Below is a listing; transcribe it exactly but without any images.

::::

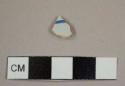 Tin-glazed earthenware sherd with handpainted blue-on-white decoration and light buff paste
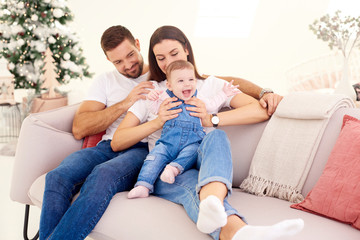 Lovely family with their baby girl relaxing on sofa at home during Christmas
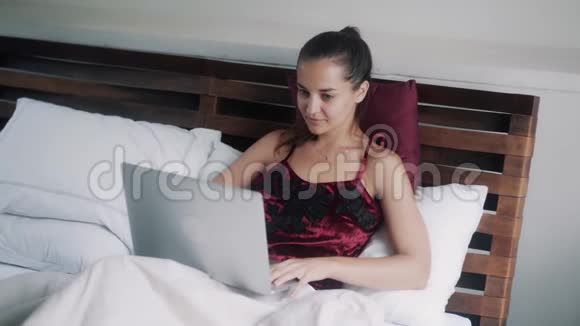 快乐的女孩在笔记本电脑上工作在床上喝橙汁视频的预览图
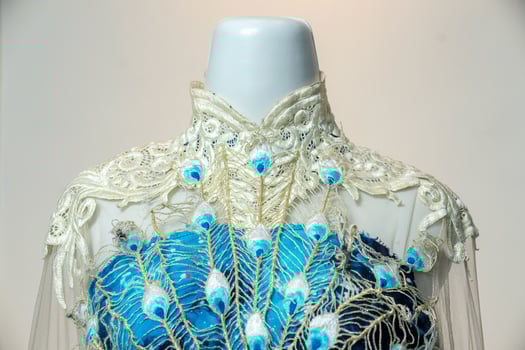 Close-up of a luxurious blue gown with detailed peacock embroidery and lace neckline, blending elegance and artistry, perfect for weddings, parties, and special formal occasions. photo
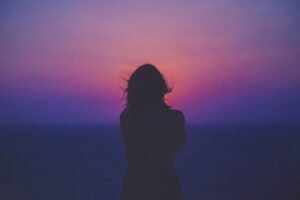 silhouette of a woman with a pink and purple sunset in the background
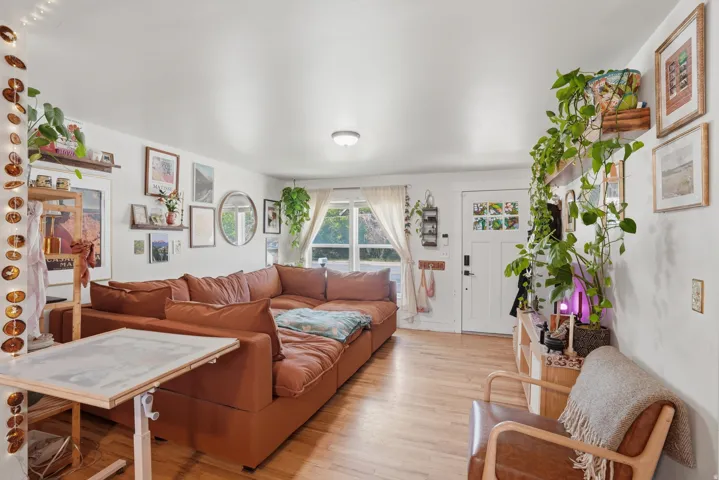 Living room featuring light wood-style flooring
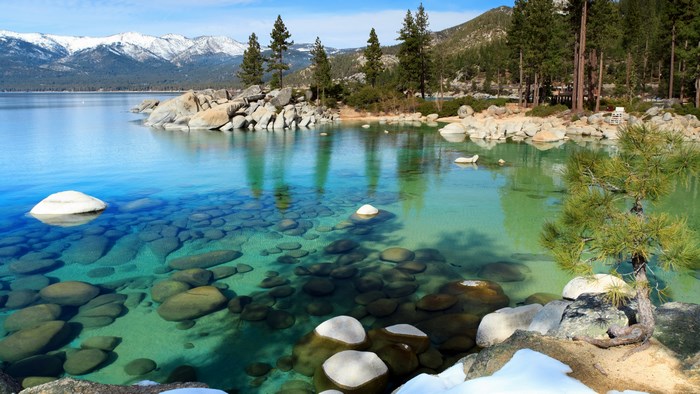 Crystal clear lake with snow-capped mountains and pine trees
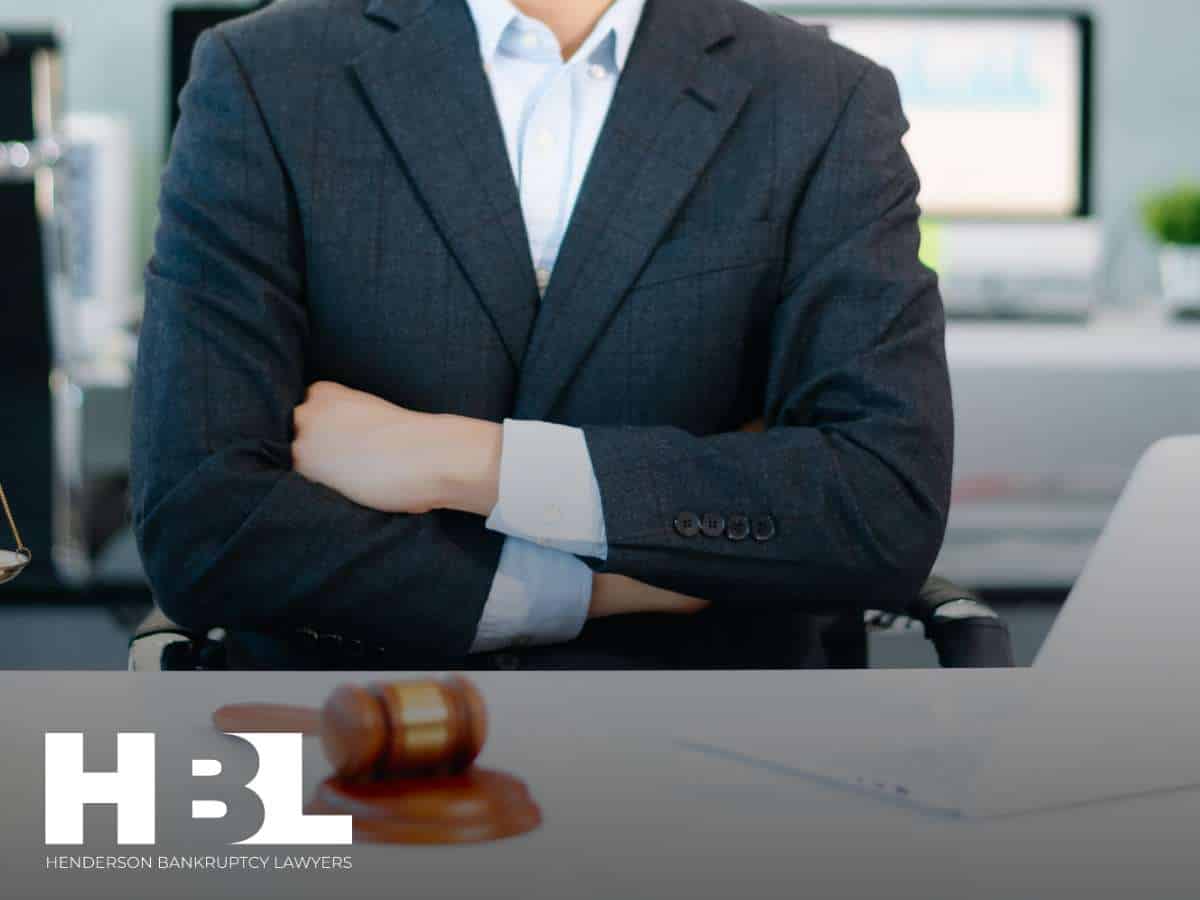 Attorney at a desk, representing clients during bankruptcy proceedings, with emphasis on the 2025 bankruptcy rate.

::::

Answer for the task:
 Tin-glazed earthenware sherd with handpainted blue-on-white decoration and light buff paste
 Lovely family with their baby girl relaxing on sofa at home during Christmas
 快乐的女孩在笔记本电脑上工作在床上喝橙汁视频的预览图
 Close-up of a luxurious blue gown with detailed peacock embroidery and lace neckline, blending elegance and artistry, perfect for weddings, parties, and special formal occasions. photo
 silhouette of a woman with a pink and purple sunset in the background
 Living room featuring light wood-style flooring
 Crystal clear lake with snow-capped mountains and pine trees
 Attorney at a desk, representing clients during bankruptcy proceedings, with emphasis on the 2025 bankruptcy rate.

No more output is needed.